How to Open a Pool

Opening a pool in spring is mostly about doing the steps in the right order. Rush the chemistry and you spend the first few weeks chasing cloudy or green water. Do it methodically and the pool is swimmable in a day or two.

Uncover, top off, and reconnect

Start by clearing debris and water off the cover before you pull it, so the gunk does not fall into the pool. Remove the cover, clean and store it, and top the water back up to its normal level, which usually dropped over winter. Reinstall and reconnect the equipment you took out for the season: pump, filter, returns, ladders, and any plugs.

Get the pump and filter running before you start dosing chemicals. Circulation is what makes everything else work.

Clean before you treat

Skim the surface, brush the walls and floor, and vacuum out the debris that settled over winter. The cleaner the pool is before you balance the water, the less chlorine and effort it takes to clear. Empty the skimmer and pump baskets and check the filter is clean.

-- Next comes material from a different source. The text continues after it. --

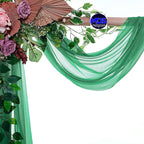 MDS Halloween Chiffon Draping Fabric - 1 Panel, 30" Wide x 100ft Long - Sheer Spooky Arbor & Canopy Drapery for Haunted House Backdrops, Party Ceilings, DIY Costumes & Themed Events - Emerald Green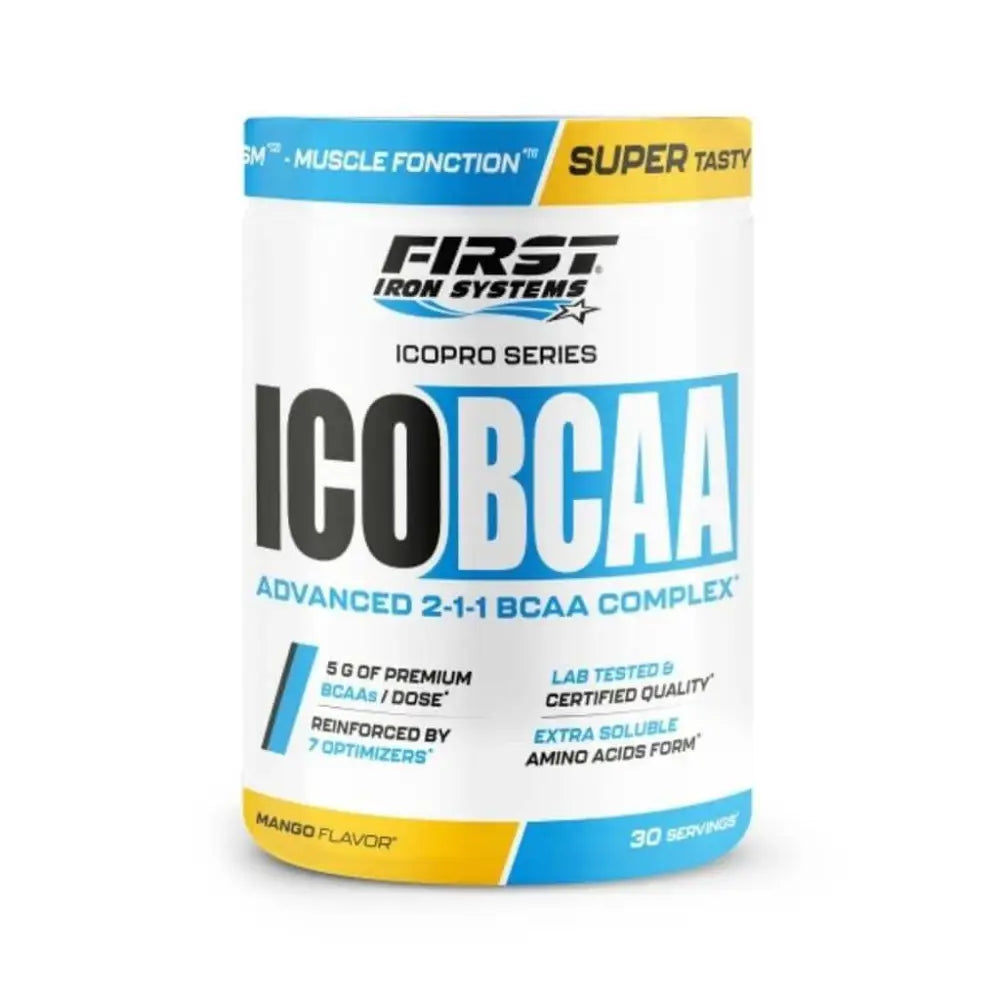 ICO BCAA Saveur Mangue - First Iron Systems | Complément alimentaire sportif à base de BCAA 2:1:1, L-Glutamine et vitamines pour améliorer la récupération musculaire, la performance et la synthèse protéique.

If the water is already green, do not panic; it is normal after a winter and the chemistry steps below handle it.

Balance in the right order

Test the water, then balance from the buffers up. Set total alkalinity first with the alkalinity calculator, because it steadies pH. Then adjust pH to 7.4 to 7.6 with the pH calculator. Check cyanuric acid and bring it into range with the cyanuric acid calculator, since it sets your chlorine target.

If you are not sure of your pool volume after topping off, the pool volume calculator gives you the gallons every dose depends on.

Shock and clear

With the water balanced, shock the pool to bring free chlorine up to the shock level for your CYA, which the shock calculator sets. Hold it there with the pump running until the water is clear, which can take from a day for a clean pool to several days if it opened green.

Once it is clear and holding chlorine overnight, let chlorine settle to your normal target and you are open. Clean the filter again after a heavy opening, since it catches a lot.

Do not skip the order

The single biggest opening mistake is dumping shock into unbalanced, dirty water and hoping. Clean first, balance the buffers, then chlorinate. Done in that order, opening is a short job. Done backwards, it is weeks of cloudy water.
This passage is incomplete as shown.